そうだ、竹を買いに行こう、と思いついたものの・・・
「そうだ、竹を買おう!」
竹には独特の風情がある。久しくバルコニーには竹がなかった。そこで、竹を買いに行ったのだが、残念ながら、これはという竹は売っていなかった。そのため、また紅葉を買ってしまった。この話は以前のnoteに書いた。
やっぱり、竹が欲しい
諦めきれずに、その後も園芸店に行くたびに竹を探していた。そして、先週の土曜日。ようやく、美しい竹に出会った。黒竹(くろちく)だ。
高さは私の背より高い。私の車には積めそうもないので、配送にしてもらった。それが昨日、我が家に届いた(図1)。

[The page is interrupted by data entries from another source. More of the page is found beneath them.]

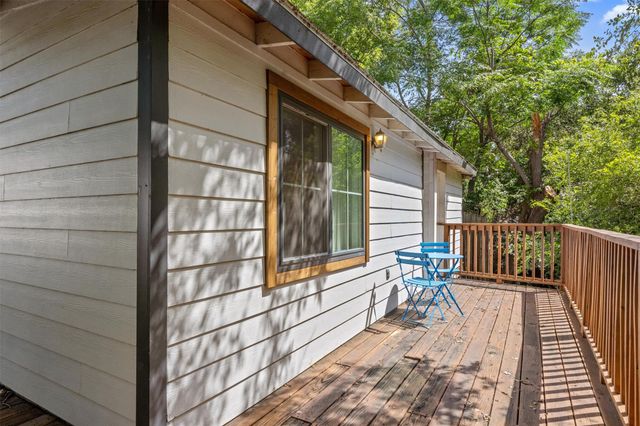 1167 Ridgeway DR, Austin, TX 78702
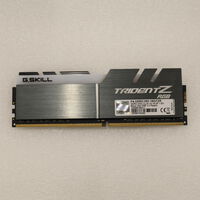 中古  PC4-25600 8GB デスクトップ用(DDR4-3200) 140727 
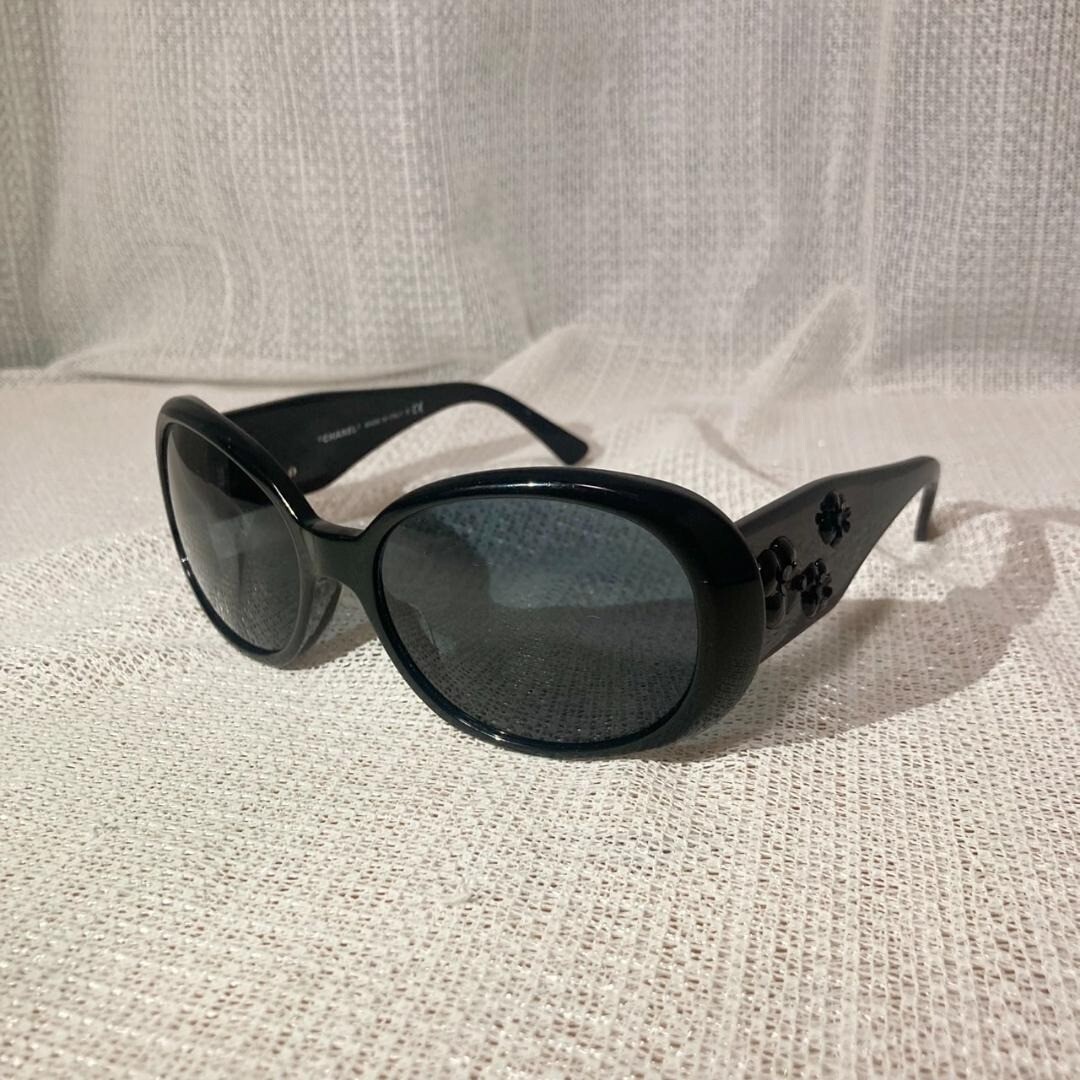 CHANEL 5113 Black Sunglasses Camellia Flower Design with Coco Mark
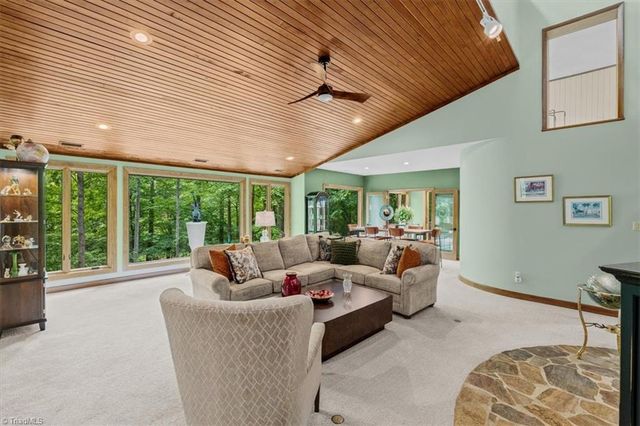 11 Culbreth Avenue, Thomasville, NC 27360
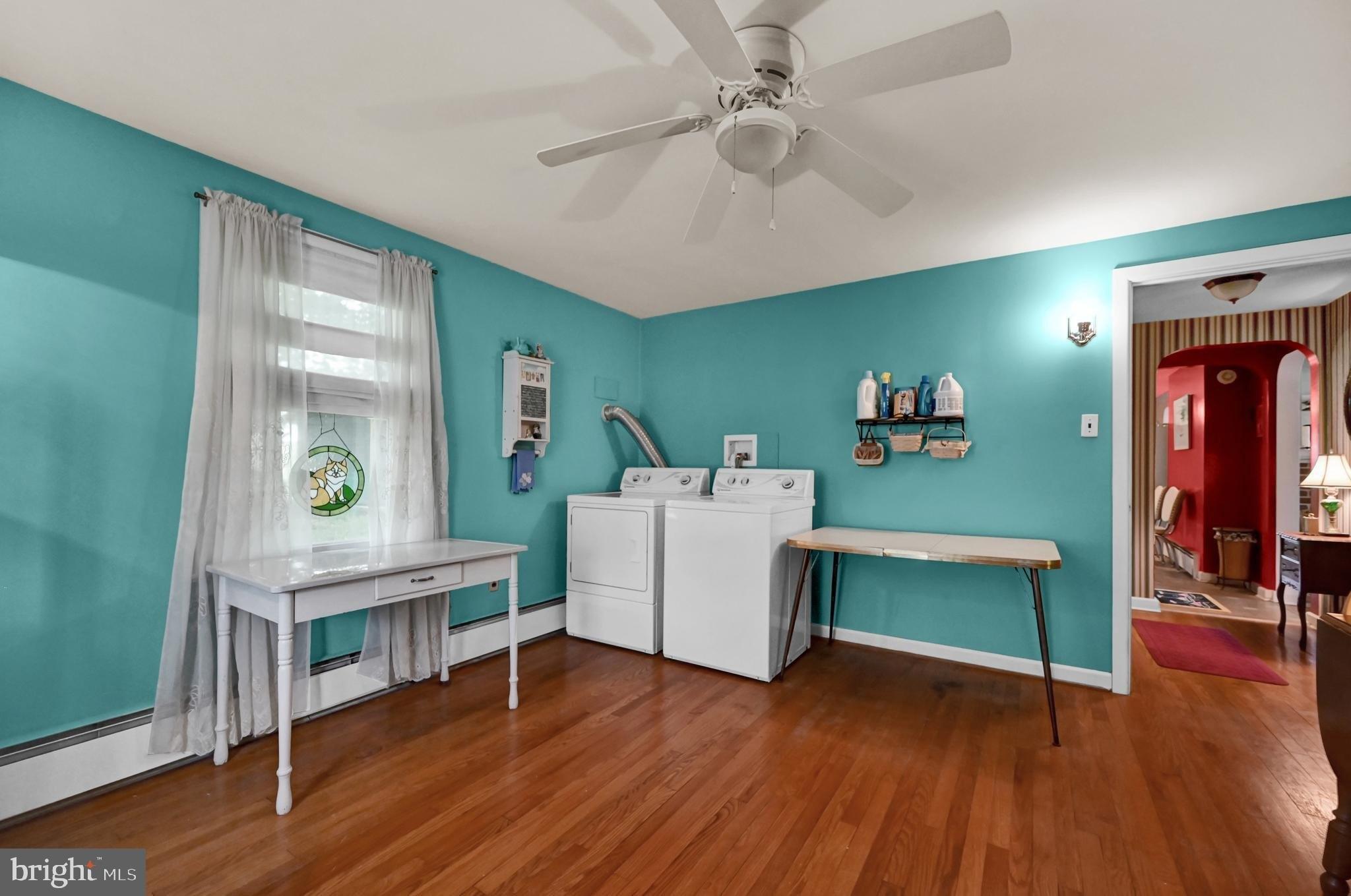 S Grant Rd, Thomasville, PA 17364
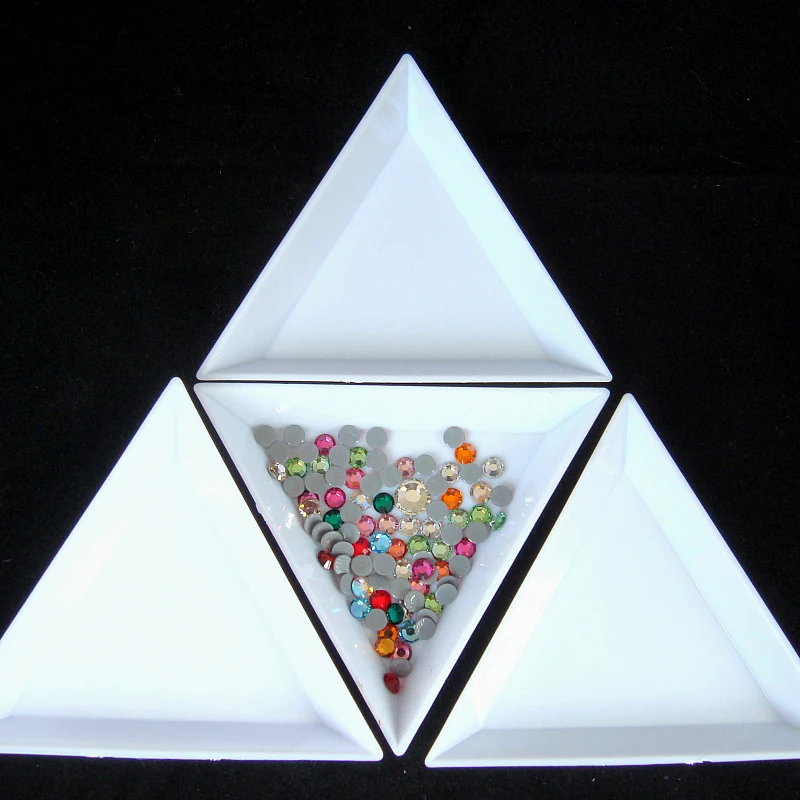 

10 Pcs/lot White DIY Tool Rhinestone Diamond Box Round/Triangular Plastic Tray/ Plate For Nail Art DIY Decoration B3490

とりあえずバルコニーに置いたものの、これをどこに置くか? 思案のしどころだ。
バルコニーのいいところは、鉢植えなので、移動が簡単なことだ。地植えの庭だと、植木のレイアウトを変えるのは大変だ。スコップで地面を掘り起こし、植木を掘り出す。そして、植え替える場所に行って、地面を掘り起こし、そこに植木を埋め直す。結構な作業になる。バルコニーの場合は、鉢植えを移動するだけなので、あっという間に作業が終わる。レイアウトを変えるのは、まさに気分転換になる。バルコニーが新しい風景に変わるからだ。
竹林というわけには・・・
庭に竹。なんだか竹林を思い浮かべてしまう。
京都に行くと、よく嵯峨野に出かける。あの素晴らしい竹林を見るためだ(図2)。多くの人が歩いているので、ゆっくり味わうのは難しい。それでも、嵯峨野の竹林は心を落ち着かせる力を持っているように思う。

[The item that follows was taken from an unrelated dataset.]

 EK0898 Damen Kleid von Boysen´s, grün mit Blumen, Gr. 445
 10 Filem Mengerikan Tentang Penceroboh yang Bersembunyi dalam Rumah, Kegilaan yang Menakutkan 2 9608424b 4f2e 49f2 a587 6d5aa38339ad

とはいえ、バルコニーに竹林を造るわけにはいかない。とりあえず、買ってきた黒竹が映えるようレイアウトを考えてみることにする。
中国三国時代の末期から晋代の初期(3世紀頃)、竹林の中で哲学的な議論(清談)をした7人の賢人がいたという。「竹林の七賢」のことだ(図3)。なぜ竹林が議論の場所として好まれたのかはわからない。竹林には人を鼓舞する何かがあるのかもしれない。
今回買ったのは一鉢の黒竹である。今度、普通の青竹も買ってみようか。並べておいて、眺めるのも、また一興である。
日本画家の福田平八郎(1892-1974)は竹の絵を残しているが、青、緑、茶色の竹が並んでいる。
福田には「対象の形」ではなく、まず「対象の色」が目に入ってくるという。オランダのポスト印象派の画家、フィンセント・ファン・ゴッホ(1853-1890)や日本の作家、宮沢賢治(1896-1933)は星にさまざまな色を見た。芸術家の眼は、私のように芸術に疎い人の眼とは違うのかもしれない。少し、竹に学んでみようかとも思う今日この頃である。
まずは、黒竹が快適に感じる場所においてあげることにしよう。